The Copenhagen Interpretation has it the other way.  In this case, all possibilities exist before you (to varying probabilities), but once a selection has been made, all other choices are obliterated.  Reality becomes a series of successive obliterations of potential realities.  Just like middle age!

It's immediately arguable that since these are all statistical functions, they do not necessarily apply to an individual case (i.e. to your choice of A or B) but instead describe the system of such events.  In the same way, an equation might describe how oxygen molecules (O2) are dispersed in a room, but it doesn't predict in reality where each molecule is. 

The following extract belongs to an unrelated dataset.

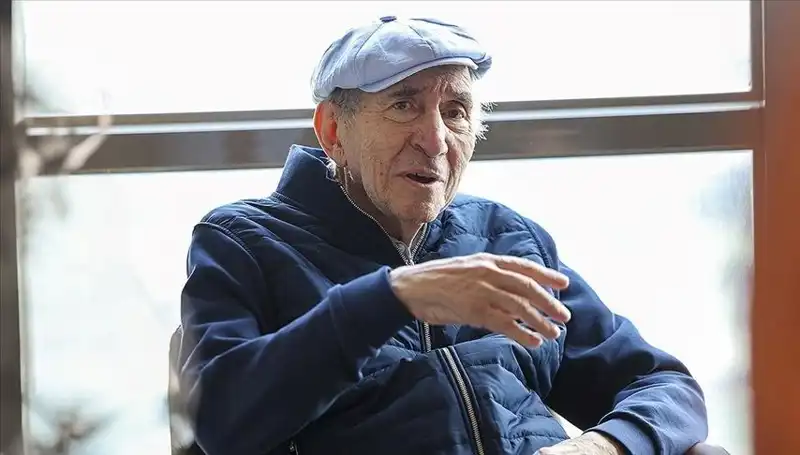 Altan Öymen Entübe Edildi: Yoğun Bakımda Kritik Süreç Başladı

The point, for Lost, is that by having Desmond, Charlie, Jack, et al become aware of this other universe (e.g. Desmond's flash of Charlie drowning in the car) they are not jumping to the other universe, but in fact obliterating the one they are in, in favor of the other (Copenhagen interpretation.)  This makes Locke/Smoke Monster's desire to leave the island, and the feared consequences ("everything will cease to be") more accurate.  Locke isn't just changing universes, he is causing that one to obliterate.